B&K Newsletter: EIB Drama is still unfolding

In this week’s newsletter, we cover the European Investment Bank’s run for the presidency nomination, and we analyse the political implications of the COP28 for the European Union. Enjoy!

EIB Drama is still unfolding

Nadia Calviño’s candidacy for the European Investment Bank’s leader position has advanced further following a recent endorsement from Belgian Finance Minister Vincent Van Peteghem, who oversees the selection process given Belgium’s presidency of the Council of the EU from January 2024. Belgium expresses confidence in Calviño’s approval, highlighting the country’s role as a mediator dedicated to securing a compromise. The appointment will be deliberated on Friday during the EIB’s Board of Governors meeting.

As a reminder, the European Investment Bank (EIB) furthers the objectives of the European Union by providing long-term project funding, guarantees and advice. It supports projects within and outside the EU, and its shareholders are the EU’s Member States.
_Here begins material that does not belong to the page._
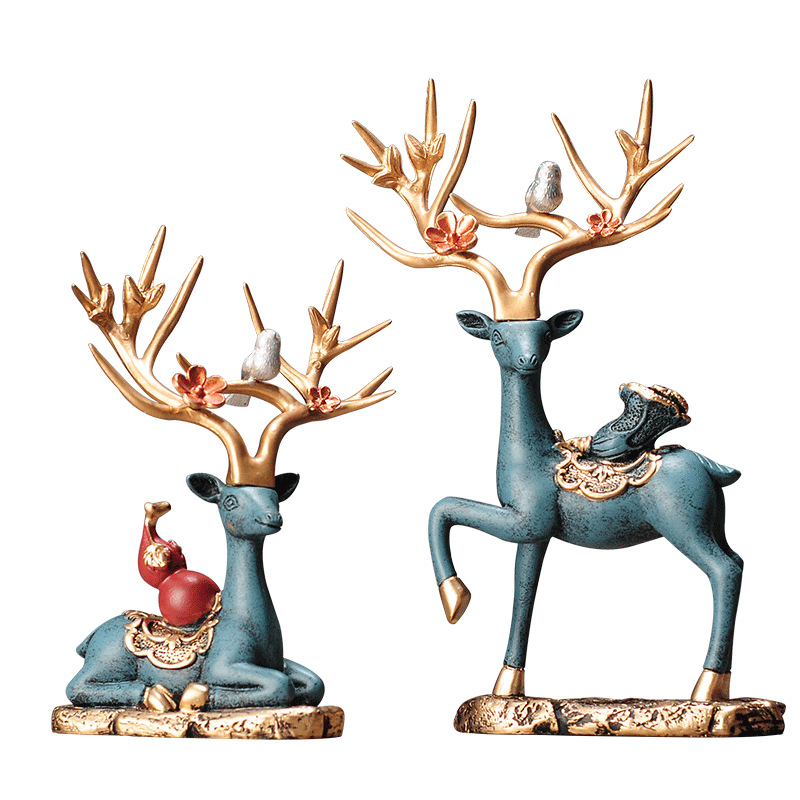 Factory Wholesale Chinese Deer Decoration Creative Wine Cabinet Living Room Office Desktop Home Decorations Housewarming Gifts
Over the years, the amount of projects financed by the EIB has continuously grown. Recently, we have witnessed EIB’s funding projects like InvestEU (which mobilises EUR 372 billion in additional investment between 2021 and 2027), the EU’s ‘climate bank’ (which brought the EIB to align to the targets of the Paris Agreement and stop financing fossil fuels since 2021), EUR 25 billion guarantee fund to response to the Covid-19 pandemic in 2020, and, from October 2022, EUR 1.05 billion had been disbursed. EUR 540 million has been earmarked for 2023 to support Ukraine’s war efforts.

Additionally, under the existing rules (Article 308 TFEU), the annual appropriations from the EU budget related to the guarantee fund are authorised by Parliament and the Council as part of the annual budgetary procedure.

All these technicalities highlight how the nomination to lead the EIB is a(nother) political game inside the EU.

To confirm this, Danish Industry Minister Morten Bødskov affirmed Denmark’s ongoing endorsement of Margrethe Vestager as the new president of the European Investment Bank. Bødskov emphasised that the Danish government has consistently emphasised the need for a prompt resolution regarding the future EIB president. Acknowledging Vestager’s similar stance, Bødskov noted that Belgium is tasked with orchestrating the process, and Denmark has urged swift clarification.

Other elements of uncertainty also remain. France, the EIB’s second shareholder, has not explicitly given its blessing. Italy, the EIB’s third shareholder, has said it continues to support its candidate, Daniele Franco, although it might shift its vote to Denmark’s Margrethe Vestager. Two other candidates are in the running: Poland’s Teresa Czerwinska and Sweden’s Thomas Ostros.

On Friday, expect some fireworks before the weekend!

The EU facing the COP28

The European Union has approached the COP28 with clear objectives.

The EU’s objectives in the COP28 negotiations involve securing commitments from participating parties to triple global renewable energy capacity and double energy efficiency by 2030.  Additionally, the EU aims to establish a process for phasing out ‘unabated’ fossil fuels and ending associated subsidies immediately.

In the past, we have seen the EU quickly adapting to challenging environments regarding climate legislation. This time, it might be different. Let’s analyse together why.

The EU has historically relied on several components, including ambitious domestic legislation and global relationship-building, to navigate complex negotiations. However, current internal developments and inconsistencies in the EU’s climate actions raise questions about its leadership role in international climate action in 2023.

Internally, the European Green Deal signifies a significant step forward in EU climate action. However, parliamentary opposition to the Nature Restoration Law and the recent objection to reducing pesticide use in agriculture indicate potential political backlash and waning public interest in climate regulation ahead of the European elections in June 2024. These developments may impact internal EU political support for crucial negotiation topics at COP28.

Externally, the success of the EU at COP28 could be influenced by two key factors. Firstly, climate legislation with a robust external dimension, such as the Carbon Border Adjustment Mechanism (CBAM) and the Net Zero Industry Act, has triggered accusations of protectionism and ‘climate colonialism’ by third countries.

Secondly, the EU still needs to look for a strong centre of gravity to guide its climate diplomacy where climate issues cut across various sectors and international fora. Before stepping down as a Commissioner to run for elections in the Netherlands, Frans Timmermans was a prominent figure in the EU’s negotiations on climate. However, this could not solve the problem of the EU being unable to set an example for the rest of the world.

In this challenging geopolitical context, the EU’s success at COP28 may not solely hinge on achieving negotiation objectives but also on how it is perceived, particularly among vulnerable parties in third countries. The EU’s ability to ‘build bridges’ and its involvement in shaping the final communiqué and coverage decision will be crucial.